15  Bootstrap

CLT provides a useful approach to building confidence intervals and performing hypothesis testing. However, it does not always apply. Here we provide a short introduction to an alternative approach to estimating the distribution of an estimate that does not rely on CLT.

15.1 Example: median income

Suppose the income distribution of your population is as follows:

set.seed(1995)
n <- 10^6
income <- 10^(rnorm(n, log10(45000), log10(3)))
hist(income/10^3, nclass = 1000)

The population median is:

median(income)
#> [1] 44939

Suppose we don’t have access to the entire population but want to estimate the population median, denoted by \(m\). We take a random sample of 100 observations and use the sample median, \(M\), as our estimate of \(m\):

N <- 100
x <- sample(income, N)
median(x)
#> [1] 38461

The question now becomes: how can we assess the uncertainty in this estimate? In other words, how do we compute a standard error and construct a confidence interval for \(m\) based on our sample?

In the following sections, we introduce the bootstrap, a powerful resampling method that allows us to estimate variability and construct confidence intervals without relying on strong distributional assumptions.

15.2 Confidence intervals for the median

Can we construct a confidence interval?
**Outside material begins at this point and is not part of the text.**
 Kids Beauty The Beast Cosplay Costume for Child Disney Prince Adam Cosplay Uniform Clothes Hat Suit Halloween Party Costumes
What is the distribution of \(M\)?

Because we are simulating the data, we can use a Monte Carlo simulation to learn the distribution of \(M\).

B <- 10^4
m <- replicate(B, {
  x <- sample(income, N)
  median(x)
})
hist(m, nclass = 30)
qqnorm(scale(m)); abline(0,1)

If we know this distribution, we can construct a confidence interval. The problem here is that, as we have already described, in practice we do not have access to the distribution. In previous sections we have used CLT, but what we learned applies to averages and here we are interested in the median. We can see that the 95% confidence interval based on CLT

median(x) + 1.96*sd(x)/sqrt(N)*c(-1, 1)
#> [1] 21018 55905

is quite different from the confidence interval we would generate if we know the actual distribution of \(M\):

quantile(m, c(0.025, 0.975))
#>  2.5% 97.5% 
#> 34438 59050

The bootstrap allows us to approximate a Monte Carlo simulation even when we do not have access to the full population distribution. The idea is straightforward: we treat the observed sample as if it were the population. From this sample, we draw new datasets of the same size, with replacement, and compute the statistic of interest, in this case, the median, for each resampled dataset. These resampled datasets are called bootstrap samples.
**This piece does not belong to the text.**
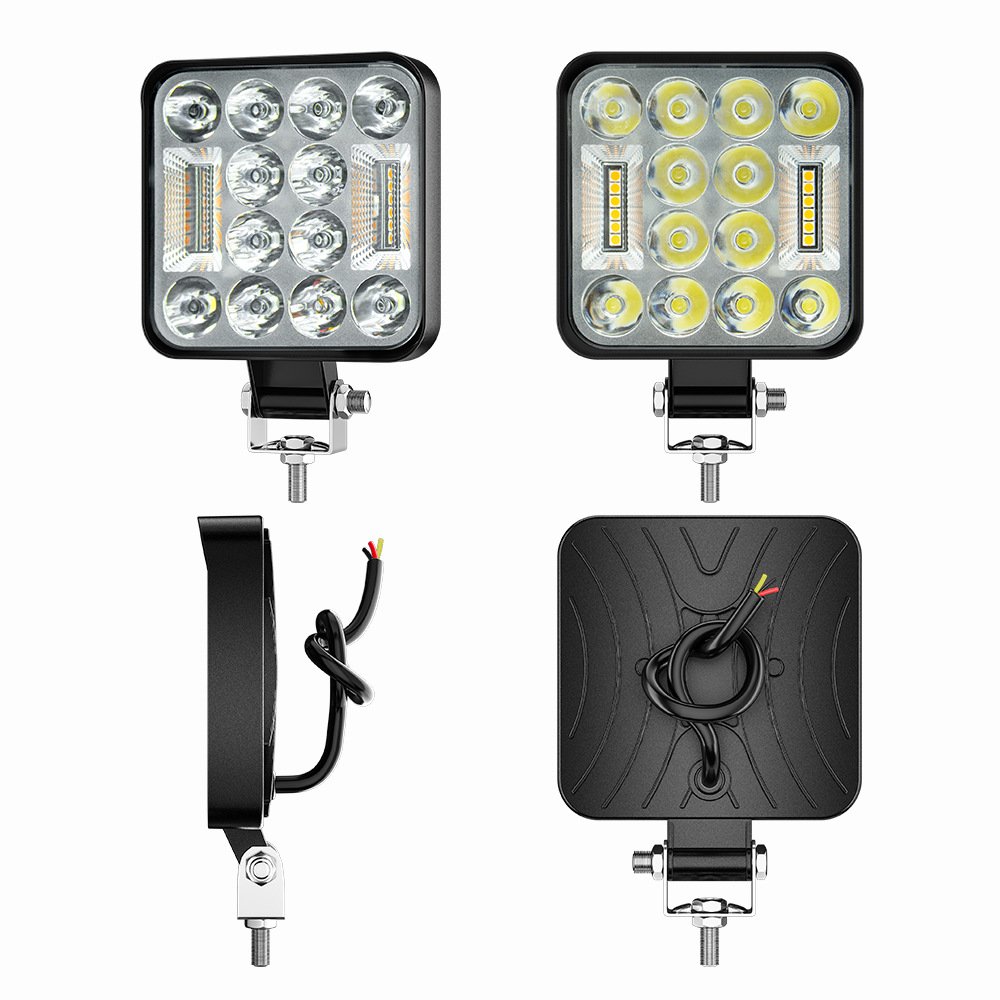 Tenraytech New 3″ Square 24-LED Dual Color Work Light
In many practical situations, the distribution of the statistics computed from bootstrap samples provides a good approximation to the sampling distribution of the original statistic. This approximation allows us to estimate variability, compute standard errors, and construct confidence intervals without knowing the true underlying distribution.

The following code demonstrates how to generate bootstrap samples and approximate the sampling distribution of the median:

B <- 10^4
m_star <- replicate(B, {
  x_star <- sample(x, N, replace = TRUE)
  median(x_star)
})

Note a confidence interval constructed with the bootstrap is much closer to one constructed with the theoretical distribution:

quantile(m_star, c(0.025, 0.975))
#>  2.5% 97.5% 
#> 30253 56909

15.3 Exercises

1. Generate a random dataset like this:

y <- rnorm(100, 0, 1)

Estimate the 75th quantile, which we know is:

qnorm(0.75)

with the sample quantile:

quantile(y, 0.75)

Run a Monte Carlo simulation to learn the expected value and standard error of this random variable.

2. In practice, we can’t run a Monte Carlo simulation because we don’t know if rnorm is being used to simulate the data. Use the bootstrap to estimate the standard error using just the initial sample y. Use 10 bootstrap samples.

3. Redo exercise 2, but with 10,000 bootstrap samples.